Try it: From the line that contains "Johnny McKinstry, seen" down to the last line of the entries, repeat every line exactly. Do not carry over the pictures.

Material shown:
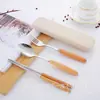 Mango de Madera de Haya Acero Inoxidable Cuchara, Tenedor y Palillos Juego de Vajilla Cuchillo para Bistec Hotel Cuchara para Pasteles y Postres Tenedor para Frutas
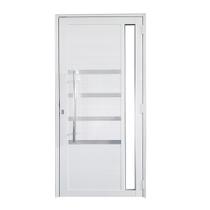 Porta de Alumínio Lambril Branco com Puxador, Friso e Vidro Linha 30 - DC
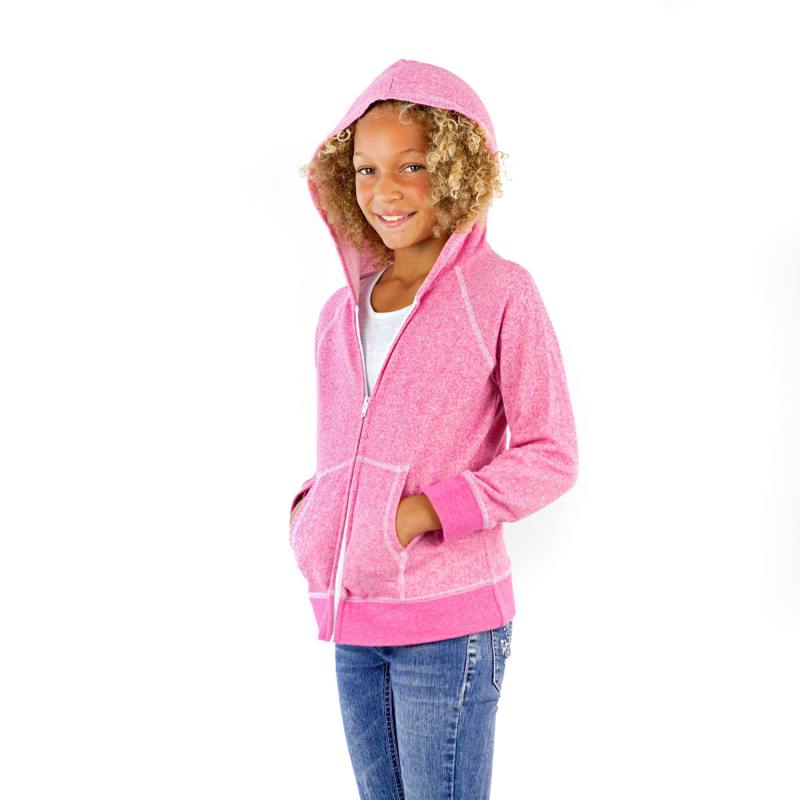 8902G Girls French Terry Llong Sleeve Zip Hoodie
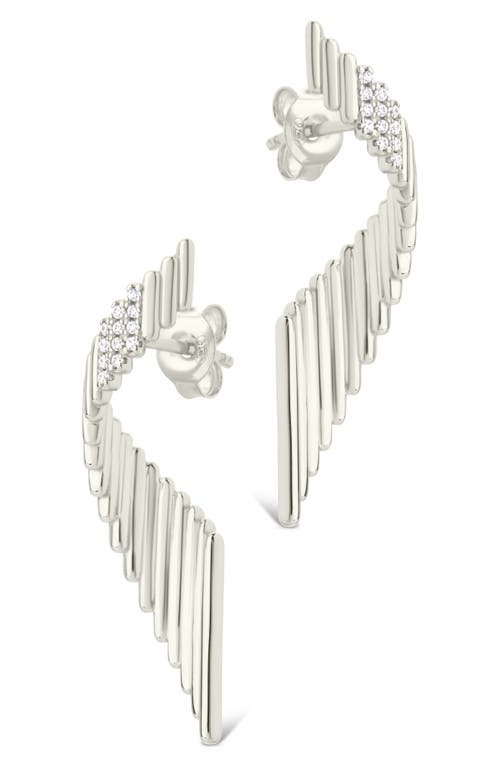 Sterling Forever Andrea Cubic Zirconia Drop Earrings In Metallic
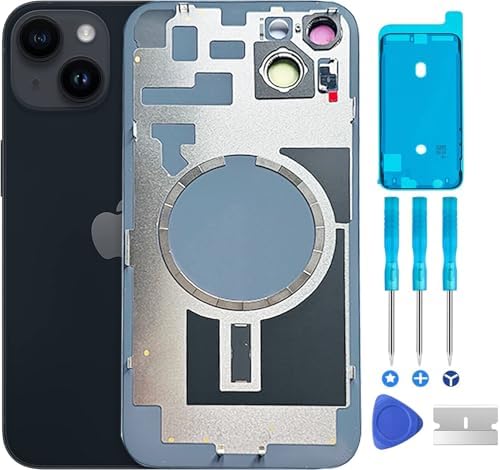 Original Back Glass Cover Battery Door Replacement & Waterproof Tape, Pre-Installed Camera Frame for iPhone 14 All Carriers Repair 14 Tool (Black)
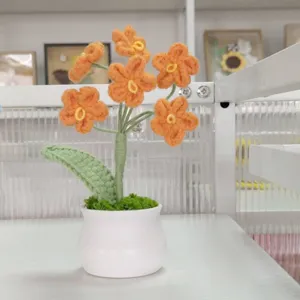 Handcrafted crochet orange flower potted plant wool knit home decor DIY gift aesthetic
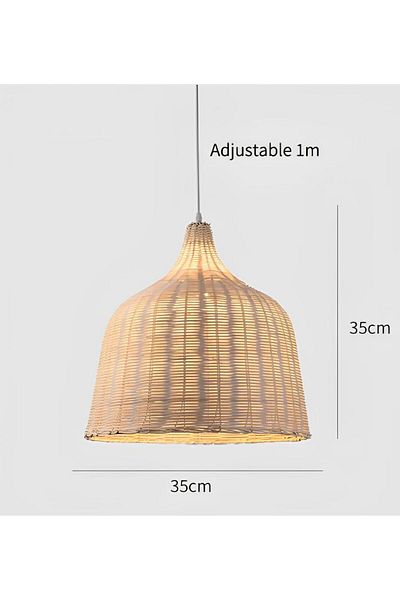 AbajurAksesuar Large Rattan Bamboo Single Chandelier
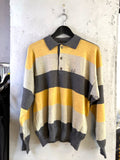 Christian Dior Monsieur 80s Striped Wool Knit Polo, front
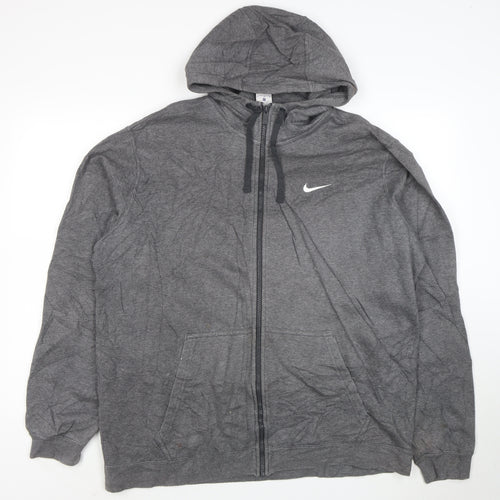 Nike Men's Grey Full Zip Hoodie XL Fleece Sports Sweatshirt
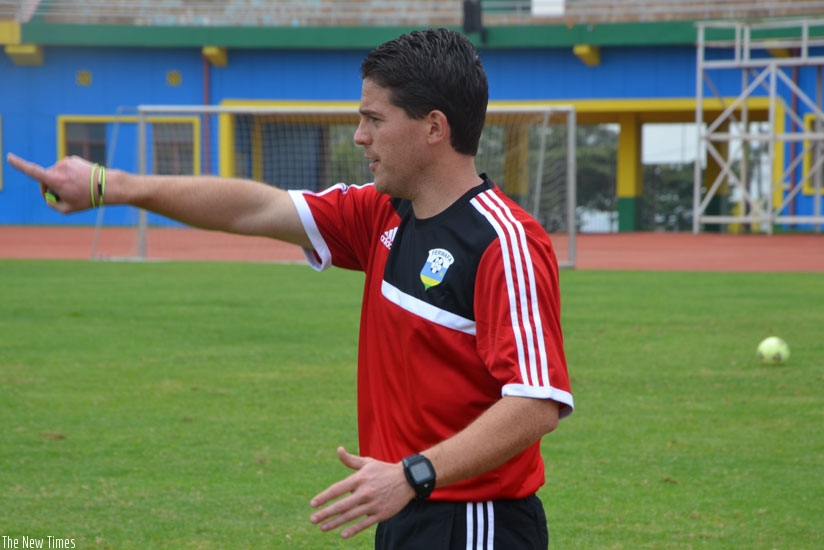 Johnny McKinstry, seen here giving instructions to his players during a training session on Tuesday at Amahoro National Stadium.
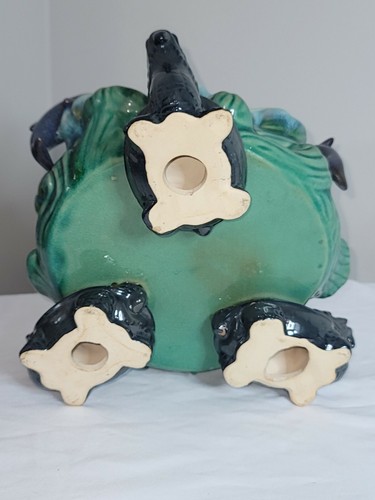 Whimsical Footed Planter Bowl Dolphins Jumping Waves & 3 Dragons as Feet Asian - Picture 7 of 7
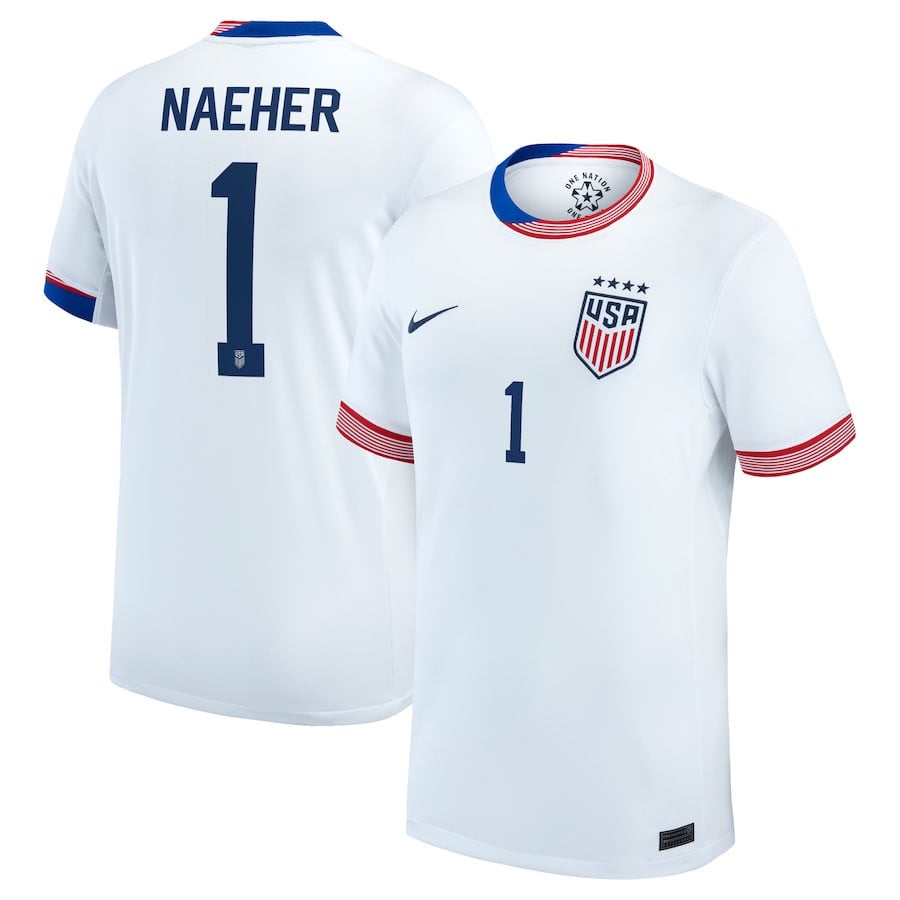 Alyssa Naeher 1 USA Women's National Team 2024/25 Home Men Jersey - White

Exercise solution:
 Johnny McKinstry, seen here giving instructions to his players during a training session on Tuesday at Amahoro National Stadium.
 Whimsical Footed Planter Bowl Dolphins Jumping Waves & 3 Dragons as Feet Asian - Picture 7 of 7
 Alyssa Naeher 1 USA Women's National Team 2024/25 Home Men Jersey - White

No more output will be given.